REGGIO EMILIA – Doveva morire a 38 anni, il 16 aprile 1999, Giuseppe Sarcone Grande, il più vecchio dei quattro fratelli Sarcone. E invece quella sera il killer Paolo Bellini, che agiva per conto di Vincenzo Vasapollo, uccise per sbaglio il giovane nomade Oscar Truzzi, a bordo di un’auto parcheggiata in viale Ramazzini. Quell’errore fatale per Truzzi ha regalato a Giuseppe Sarcone Grande una seconda vita, un ventennio abbondante che lui ha attraversato senza particolari problemi giudiziari. Mentre i fratelli Nicolino, Gianluigi e Carmine finivano in carcere, lui restava fuori da inchieste e processi, sottoposto a sorveglianza speciale solo dal giugno 2020. Ma secondo la Dda di Bologna, aveva frequentato “ndranghetisti sin dalla giovane età, condividendo azioni criminali violente e strategie con i fratelli”. Finchè gli altri, sebbene pressati dalla giustizia, erano a piede libero, Giuseppe faceva da prestanome ai fratelli per proteggere il patrimonio dai sequestri. Poi, quando l’aria si è fatta pesante anche per lui, “ha mutato il proprio ruolo, da intestatario formale a gestore occulto”, ricorrendo a prestanome esterni alla famiglia.

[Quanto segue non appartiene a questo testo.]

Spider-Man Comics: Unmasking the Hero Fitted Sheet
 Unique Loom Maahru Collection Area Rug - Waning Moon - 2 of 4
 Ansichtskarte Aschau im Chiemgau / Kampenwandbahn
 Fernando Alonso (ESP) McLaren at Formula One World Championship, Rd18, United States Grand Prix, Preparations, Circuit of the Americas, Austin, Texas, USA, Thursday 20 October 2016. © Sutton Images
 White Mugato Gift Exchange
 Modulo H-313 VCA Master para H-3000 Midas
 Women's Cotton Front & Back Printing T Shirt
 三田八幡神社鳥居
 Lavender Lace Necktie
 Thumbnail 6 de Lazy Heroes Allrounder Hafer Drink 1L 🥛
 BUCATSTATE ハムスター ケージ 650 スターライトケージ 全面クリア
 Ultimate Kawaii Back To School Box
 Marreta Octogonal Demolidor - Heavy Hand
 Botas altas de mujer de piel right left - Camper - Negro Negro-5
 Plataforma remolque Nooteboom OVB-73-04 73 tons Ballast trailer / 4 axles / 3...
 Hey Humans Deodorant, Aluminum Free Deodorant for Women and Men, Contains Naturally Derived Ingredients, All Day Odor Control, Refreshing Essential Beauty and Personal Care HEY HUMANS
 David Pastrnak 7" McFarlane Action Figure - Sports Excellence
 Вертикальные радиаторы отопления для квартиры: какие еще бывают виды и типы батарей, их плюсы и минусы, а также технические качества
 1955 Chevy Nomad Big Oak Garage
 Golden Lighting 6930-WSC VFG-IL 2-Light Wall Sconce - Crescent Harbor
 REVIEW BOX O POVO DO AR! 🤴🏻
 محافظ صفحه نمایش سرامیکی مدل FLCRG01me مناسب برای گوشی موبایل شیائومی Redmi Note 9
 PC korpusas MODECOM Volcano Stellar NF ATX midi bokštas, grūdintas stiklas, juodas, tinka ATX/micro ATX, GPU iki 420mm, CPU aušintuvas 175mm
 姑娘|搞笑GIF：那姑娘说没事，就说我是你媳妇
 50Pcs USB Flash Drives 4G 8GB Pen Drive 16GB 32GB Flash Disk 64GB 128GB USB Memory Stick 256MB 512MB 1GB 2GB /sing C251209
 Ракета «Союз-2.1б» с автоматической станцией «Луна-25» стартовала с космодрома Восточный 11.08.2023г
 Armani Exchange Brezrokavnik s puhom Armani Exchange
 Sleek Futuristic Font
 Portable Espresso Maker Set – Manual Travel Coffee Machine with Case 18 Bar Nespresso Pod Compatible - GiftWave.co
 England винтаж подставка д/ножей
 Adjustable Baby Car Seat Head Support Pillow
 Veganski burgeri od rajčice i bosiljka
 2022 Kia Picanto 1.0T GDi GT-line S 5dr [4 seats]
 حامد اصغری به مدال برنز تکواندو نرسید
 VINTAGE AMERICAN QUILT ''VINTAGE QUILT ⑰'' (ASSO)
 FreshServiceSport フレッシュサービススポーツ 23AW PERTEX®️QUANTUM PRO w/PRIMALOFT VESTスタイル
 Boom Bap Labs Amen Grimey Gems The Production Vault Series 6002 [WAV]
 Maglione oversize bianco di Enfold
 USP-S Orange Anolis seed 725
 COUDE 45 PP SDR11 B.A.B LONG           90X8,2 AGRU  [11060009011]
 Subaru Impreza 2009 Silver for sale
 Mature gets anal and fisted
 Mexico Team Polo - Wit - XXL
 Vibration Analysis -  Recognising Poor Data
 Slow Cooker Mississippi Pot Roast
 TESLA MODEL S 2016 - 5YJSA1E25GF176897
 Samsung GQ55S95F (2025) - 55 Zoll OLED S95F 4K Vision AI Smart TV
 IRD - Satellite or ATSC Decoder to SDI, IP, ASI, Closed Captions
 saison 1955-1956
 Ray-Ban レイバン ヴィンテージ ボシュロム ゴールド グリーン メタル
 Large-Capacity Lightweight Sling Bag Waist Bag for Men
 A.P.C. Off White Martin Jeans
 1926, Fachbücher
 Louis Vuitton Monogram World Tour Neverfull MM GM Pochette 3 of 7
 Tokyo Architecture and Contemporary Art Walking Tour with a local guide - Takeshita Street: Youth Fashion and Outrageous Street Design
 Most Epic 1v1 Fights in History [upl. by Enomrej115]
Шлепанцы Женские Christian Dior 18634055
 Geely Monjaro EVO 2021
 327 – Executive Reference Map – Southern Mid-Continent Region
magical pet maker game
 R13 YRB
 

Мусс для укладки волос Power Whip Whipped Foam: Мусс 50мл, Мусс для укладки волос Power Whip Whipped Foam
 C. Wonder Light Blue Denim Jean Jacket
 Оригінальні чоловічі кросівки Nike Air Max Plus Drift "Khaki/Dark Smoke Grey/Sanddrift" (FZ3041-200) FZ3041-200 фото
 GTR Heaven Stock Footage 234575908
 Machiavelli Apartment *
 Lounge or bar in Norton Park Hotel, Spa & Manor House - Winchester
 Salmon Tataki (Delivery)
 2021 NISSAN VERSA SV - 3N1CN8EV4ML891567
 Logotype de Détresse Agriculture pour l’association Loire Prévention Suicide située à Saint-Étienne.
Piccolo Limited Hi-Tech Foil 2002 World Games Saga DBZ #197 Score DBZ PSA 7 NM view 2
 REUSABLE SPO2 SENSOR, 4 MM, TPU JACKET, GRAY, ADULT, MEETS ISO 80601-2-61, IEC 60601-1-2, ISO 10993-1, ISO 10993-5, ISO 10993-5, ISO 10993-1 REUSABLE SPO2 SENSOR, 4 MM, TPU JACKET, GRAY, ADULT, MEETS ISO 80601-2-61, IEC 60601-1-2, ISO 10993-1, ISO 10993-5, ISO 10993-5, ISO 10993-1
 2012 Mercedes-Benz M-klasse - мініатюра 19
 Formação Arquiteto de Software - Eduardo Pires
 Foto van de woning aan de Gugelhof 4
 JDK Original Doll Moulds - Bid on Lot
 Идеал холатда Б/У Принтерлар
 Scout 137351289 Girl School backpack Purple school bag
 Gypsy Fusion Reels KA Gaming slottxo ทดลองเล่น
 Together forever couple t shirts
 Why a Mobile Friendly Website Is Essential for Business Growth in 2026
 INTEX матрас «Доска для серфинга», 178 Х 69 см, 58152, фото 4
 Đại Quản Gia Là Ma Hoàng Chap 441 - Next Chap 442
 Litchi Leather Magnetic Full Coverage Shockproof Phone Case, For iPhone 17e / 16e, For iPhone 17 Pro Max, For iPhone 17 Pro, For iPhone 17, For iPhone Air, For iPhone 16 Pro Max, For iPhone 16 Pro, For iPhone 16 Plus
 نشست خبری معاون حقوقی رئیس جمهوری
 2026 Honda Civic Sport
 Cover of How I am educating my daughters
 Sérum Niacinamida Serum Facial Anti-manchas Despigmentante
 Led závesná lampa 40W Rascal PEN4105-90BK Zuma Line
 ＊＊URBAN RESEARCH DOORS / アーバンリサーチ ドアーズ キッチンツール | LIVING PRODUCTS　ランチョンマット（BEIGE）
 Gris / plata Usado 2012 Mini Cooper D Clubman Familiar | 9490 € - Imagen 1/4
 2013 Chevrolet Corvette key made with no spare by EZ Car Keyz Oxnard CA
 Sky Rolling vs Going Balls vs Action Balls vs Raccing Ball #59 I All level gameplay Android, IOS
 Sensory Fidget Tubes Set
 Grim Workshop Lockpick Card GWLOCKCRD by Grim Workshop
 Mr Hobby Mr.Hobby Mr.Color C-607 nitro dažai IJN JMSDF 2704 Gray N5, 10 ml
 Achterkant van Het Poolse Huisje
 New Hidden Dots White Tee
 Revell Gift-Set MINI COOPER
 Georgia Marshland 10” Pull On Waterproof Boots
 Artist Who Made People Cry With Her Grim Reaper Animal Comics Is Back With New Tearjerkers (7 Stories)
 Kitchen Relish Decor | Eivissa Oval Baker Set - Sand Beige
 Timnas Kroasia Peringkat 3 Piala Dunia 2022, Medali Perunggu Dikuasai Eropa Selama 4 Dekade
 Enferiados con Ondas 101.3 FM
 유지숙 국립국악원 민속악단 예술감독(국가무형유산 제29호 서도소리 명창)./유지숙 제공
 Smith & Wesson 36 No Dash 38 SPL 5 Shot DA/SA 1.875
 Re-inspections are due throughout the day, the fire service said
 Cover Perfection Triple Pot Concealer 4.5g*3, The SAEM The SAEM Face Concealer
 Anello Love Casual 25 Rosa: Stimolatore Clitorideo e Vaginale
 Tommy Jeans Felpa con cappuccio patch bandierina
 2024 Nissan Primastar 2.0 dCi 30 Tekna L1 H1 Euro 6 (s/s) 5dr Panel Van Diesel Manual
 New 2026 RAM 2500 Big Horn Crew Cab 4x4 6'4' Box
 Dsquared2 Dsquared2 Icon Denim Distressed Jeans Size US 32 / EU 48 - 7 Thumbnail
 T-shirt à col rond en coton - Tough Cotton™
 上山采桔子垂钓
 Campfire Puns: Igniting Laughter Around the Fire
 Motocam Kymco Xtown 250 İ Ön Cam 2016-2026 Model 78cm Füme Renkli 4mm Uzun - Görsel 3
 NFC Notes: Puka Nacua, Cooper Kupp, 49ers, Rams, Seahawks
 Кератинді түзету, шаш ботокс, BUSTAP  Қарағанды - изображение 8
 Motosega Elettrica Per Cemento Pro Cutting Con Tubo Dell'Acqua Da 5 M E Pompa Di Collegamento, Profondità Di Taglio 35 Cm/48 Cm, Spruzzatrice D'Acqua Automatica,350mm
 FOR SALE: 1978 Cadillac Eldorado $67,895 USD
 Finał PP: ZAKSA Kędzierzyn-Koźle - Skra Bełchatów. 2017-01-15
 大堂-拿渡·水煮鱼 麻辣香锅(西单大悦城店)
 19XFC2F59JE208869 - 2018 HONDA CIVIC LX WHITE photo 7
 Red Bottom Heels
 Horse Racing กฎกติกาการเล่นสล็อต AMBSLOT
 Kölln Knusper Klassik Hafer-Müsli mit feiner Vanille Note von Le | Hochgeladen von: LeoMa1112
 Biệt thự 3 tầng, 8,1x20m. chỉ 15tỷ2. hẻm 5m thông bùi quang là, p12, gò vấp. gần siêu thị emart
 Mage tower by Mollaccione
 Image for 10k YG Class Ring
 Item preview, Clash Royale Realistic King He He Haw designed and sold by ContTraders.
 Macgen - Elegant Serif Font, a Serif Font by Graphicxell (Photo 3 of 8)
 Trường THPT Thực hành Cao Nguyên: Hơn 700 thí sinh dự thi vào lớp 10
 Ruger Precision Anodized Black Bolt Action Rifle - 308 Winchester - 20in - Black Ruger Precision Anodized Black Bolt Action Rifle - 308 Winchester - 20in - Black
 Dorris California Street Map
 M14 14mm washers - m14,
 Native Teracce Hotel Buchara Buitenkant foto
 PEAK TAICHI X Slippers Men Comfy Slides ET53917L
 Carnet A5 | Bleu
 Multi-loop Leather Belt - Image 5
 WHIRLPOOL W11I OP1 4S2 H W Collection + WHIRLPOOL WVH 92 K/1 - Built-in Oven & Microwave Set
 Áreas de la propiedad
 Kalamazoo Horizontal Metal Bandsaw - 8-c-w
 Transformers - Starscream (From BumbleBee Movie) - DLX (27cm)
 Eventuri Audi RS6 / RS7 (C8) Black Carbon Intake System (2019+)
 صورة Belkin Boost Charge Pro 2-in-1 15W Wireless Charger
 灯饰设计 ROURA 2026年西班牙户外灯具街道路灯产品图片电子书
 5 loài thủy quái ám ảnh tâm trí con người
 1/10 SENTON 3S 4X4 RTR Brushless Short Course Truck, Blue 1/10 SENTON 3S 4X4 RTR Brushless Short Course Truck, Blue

L’analisi del perito nominato dal Tribunale di Reggio ha evidenziato che tra il 1990 e il 2013 il nucleo famigliare di Giuseppe Sarcone Grande ha speso 1 milione e 423mila euro in più di quanto ha dichiarato. Per gli anni fra il 2014 e il 2018 i Carabinieri di Modena hanno accertato un ulteriore squilibrio di 374mila euro.
Secondo il sostituto procuratore antimafia Beatrice Ronchi, dopo l’arresto dei fratelli fra il 2015 e il 2018, Giuseppe “ha assunto un ruolo centrale anche quale raccordo” fra gli esponenti della cosca in carcere e quelli in libertà. La linea la esplicita lui stesso in un’intercettazione del febbraio 2020: “Tutto quello che passa, deve passare dalle mani mie”.